Provided records Block Start

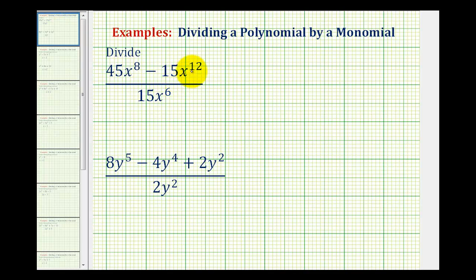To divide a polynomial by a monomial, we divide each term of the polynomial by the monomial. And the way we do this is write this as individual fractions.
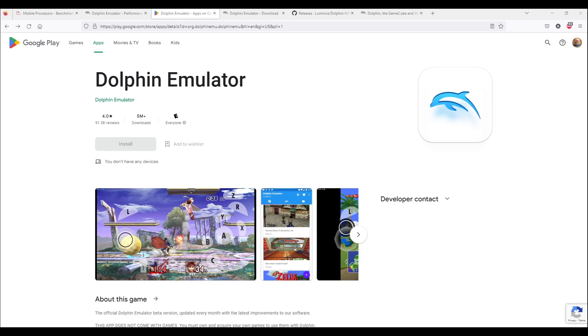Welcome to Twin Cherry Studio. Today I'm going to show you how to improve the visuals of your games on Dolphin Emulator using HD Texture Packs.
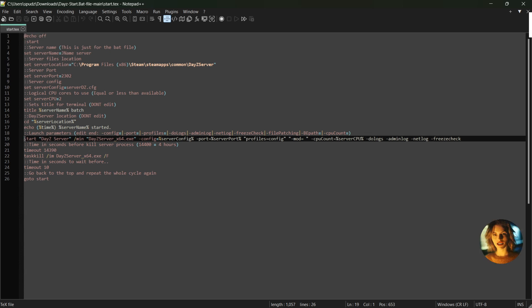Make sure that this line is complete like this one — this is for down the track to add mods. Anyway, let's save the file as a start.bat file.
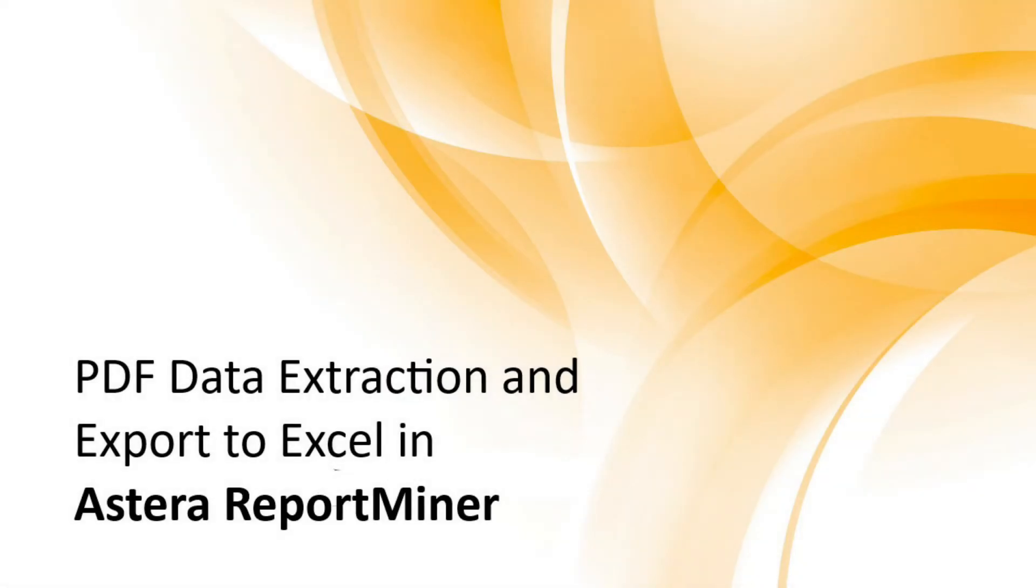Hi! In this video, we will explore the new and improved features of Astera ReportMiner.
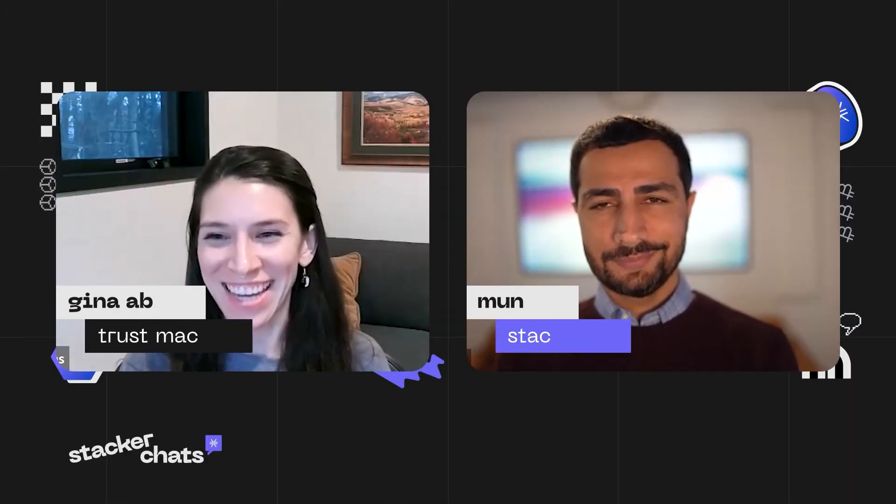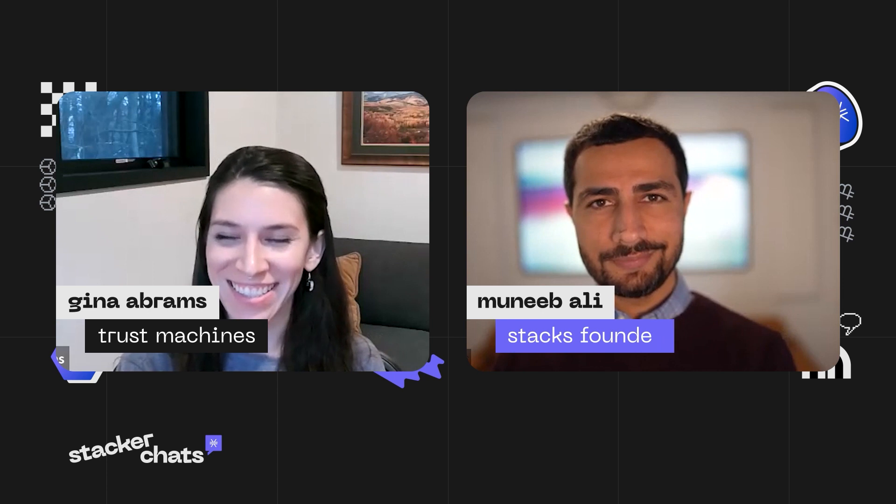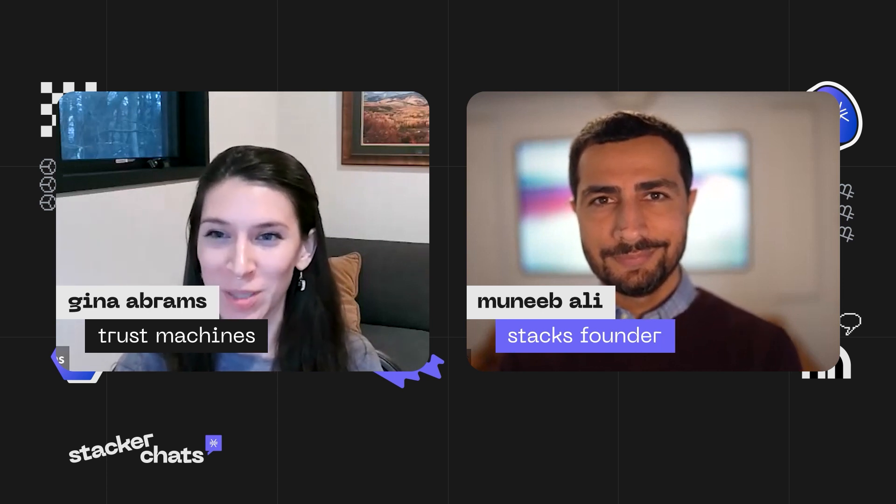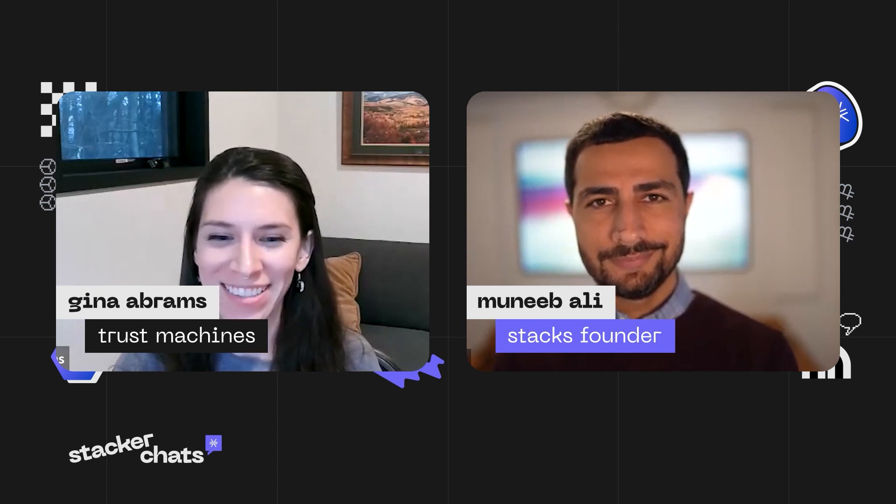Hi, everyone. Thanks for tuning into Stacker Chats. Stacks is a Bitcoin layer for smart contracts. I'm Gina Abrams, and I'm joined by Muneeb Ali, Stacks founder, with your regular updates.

Provided records Block End

**Exercise brief**
All entries need to be duplicated exactly, apart from the images.

**Task response**
To divide a polynomial by a monomial, we divide each term of the polynomial by the monomial. And the way we do this is write this as individual fractions.
Welcome to Twin Cherry Studio. Today I'm going to show you how to improve the visuals of your games on Dolphin Emulator using HD Texture Packs.
Make sure that this line is complete like this one — this is for down the track to add mods. Anyway, let's save the file as a start.bat file.
Hi! In this video, we will explore the new and improved features of Astera ReportMiner.
Hi, everyone. Thanks for tuning into Stacker Chats. Stacks is a Bitcoin layer for smart contracts. I'm Gina Abrams, and I'm joined by Muneeb Ali, Stacks founder, with your regular updates.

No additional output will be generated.